• Input data:
====================

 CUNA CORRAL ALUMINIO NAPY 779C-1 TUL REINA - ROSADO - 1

====================

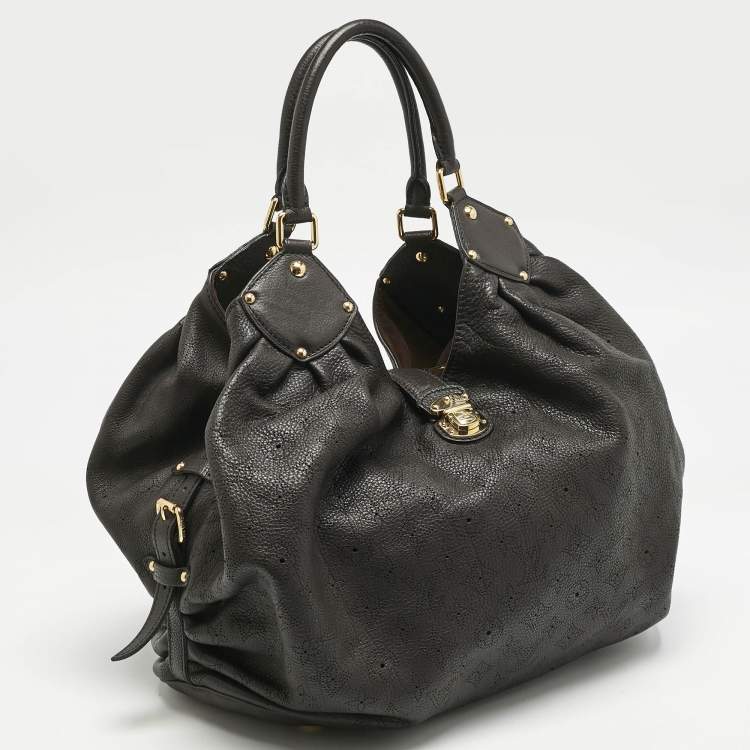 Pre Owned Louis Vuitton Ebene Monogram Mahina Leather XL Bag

====================

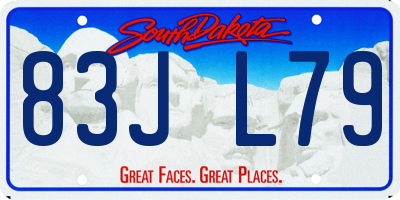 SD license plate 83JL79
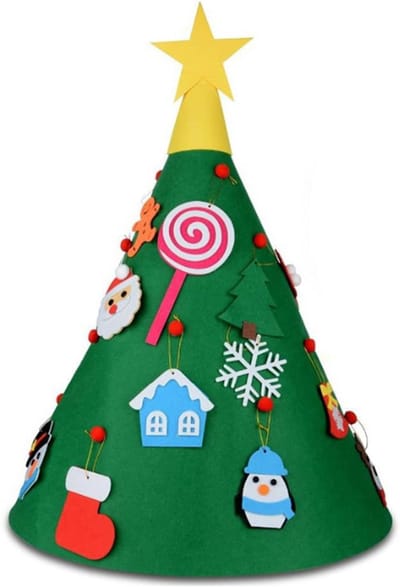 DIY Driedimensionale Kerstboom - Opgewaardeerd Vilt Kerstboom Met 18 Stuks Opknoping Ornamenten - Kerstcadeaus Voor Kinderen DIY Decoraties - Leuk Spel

====================

Give again the lines of the listing above that run from the one with "SD license plate 83JL79" up to and including the one with "DIY Driedimensionale Kerstboom". Keep them exact and omit the pictures.

 SD license plate 83JL79
 DIY Driedimensionale Kerstboom - Opgewaardeerd Vilt Kerstboom Met 18 Stuks Opknoping Ornamenten - Kerstcadeaus Voor Kinderen DIY Decoraties - Leuk Spel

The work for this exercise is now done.